### YOUR GOAL:
What should you transcribe? Every line from the top of the records below through the line with "23826 Burbank Blvd — Photo 21", exactly, and no pictures.

### DATA RECORDS:
*-*-*
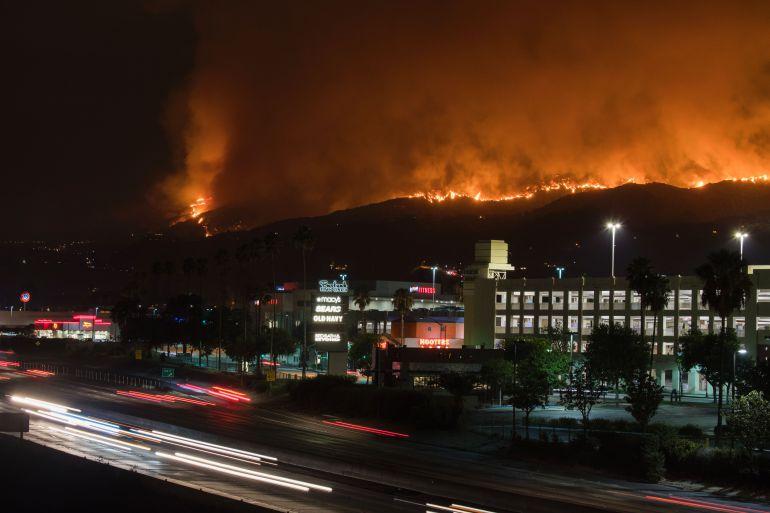 Požar guta Los Anđeles: Gore imanja u elitnom Bel-Ejru, 200.000 ljudi evakuirano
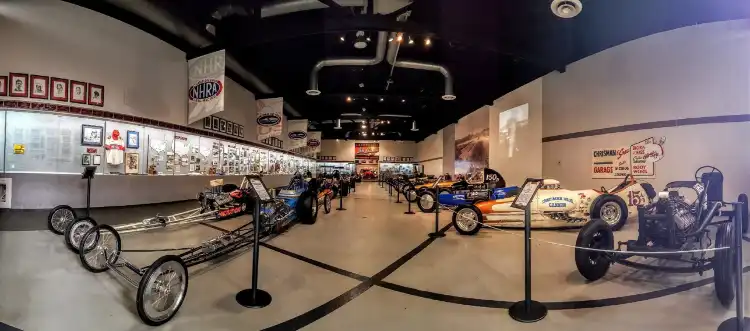 Hotels in der Nähe von Wally Parks NHRA Motorsports Museum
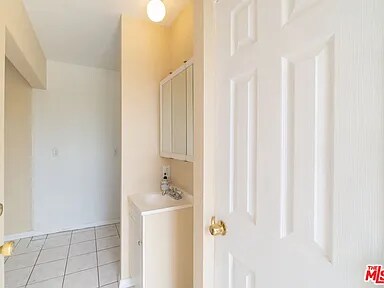 Foto principal - 8371 Tampa Ave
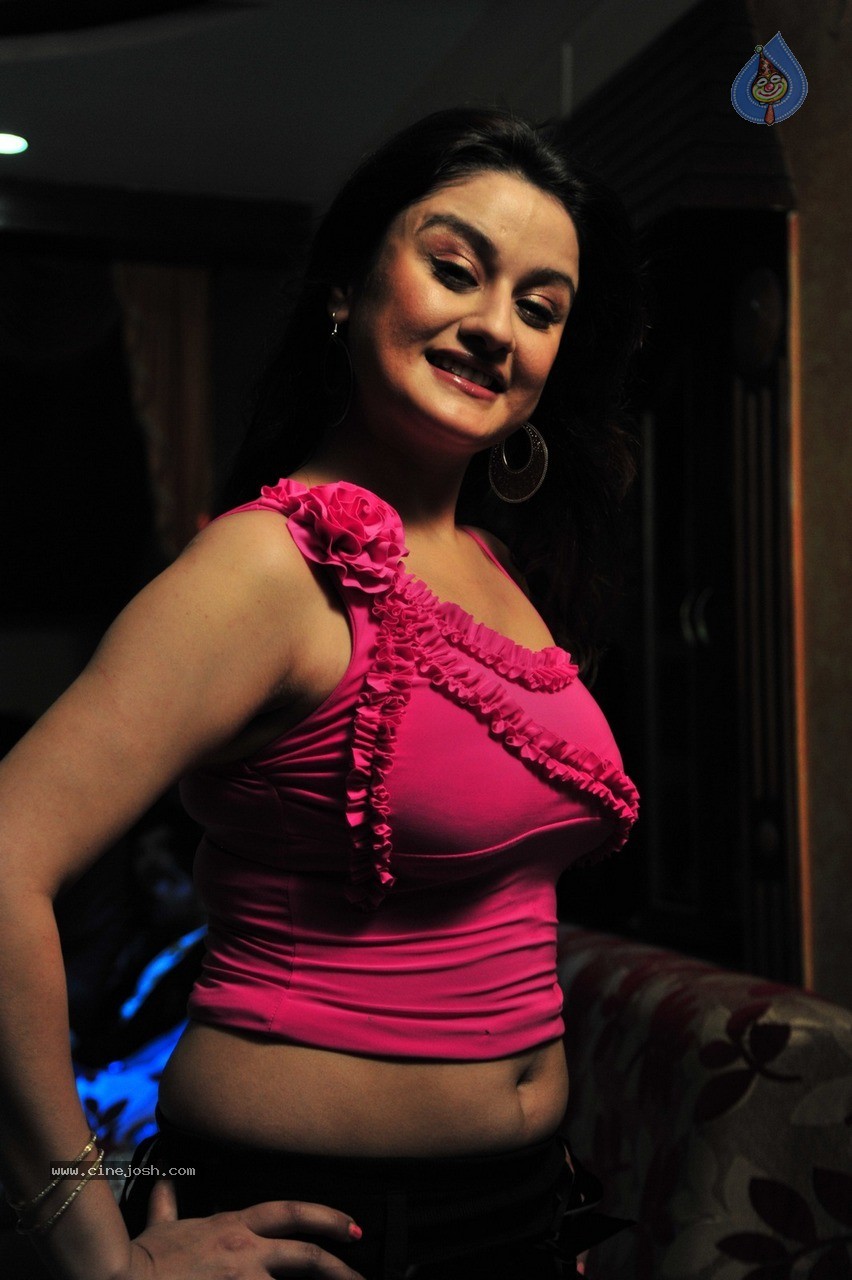Sonia Agarwal Latest Gallery - 18 / 101 photos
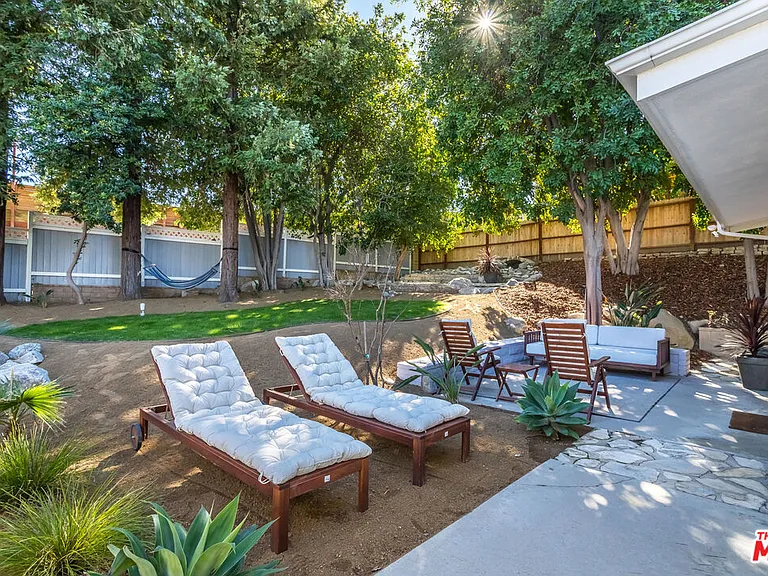 23826 Burbank Blvd — Photo 21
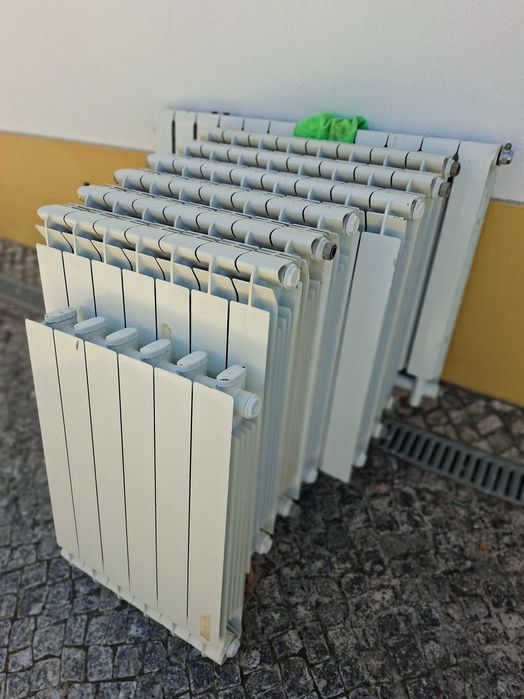 Radiadores de aquecimento central varios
*-*-*
### COMPLETED TASK:
 Požar guta Los Anđeles: Gore imanja u elitnom Bel-Ejru, 200.000 ljudi evakuirano
 Hotels in der Nähe von Wally Parks NHRA Motorsports Museum
 Foto principal - 8371 Tampa Ave
Sonia Agarwal Latest Gallery - 18 / 101 photos
 23826 Burbank Blvd — Photo 21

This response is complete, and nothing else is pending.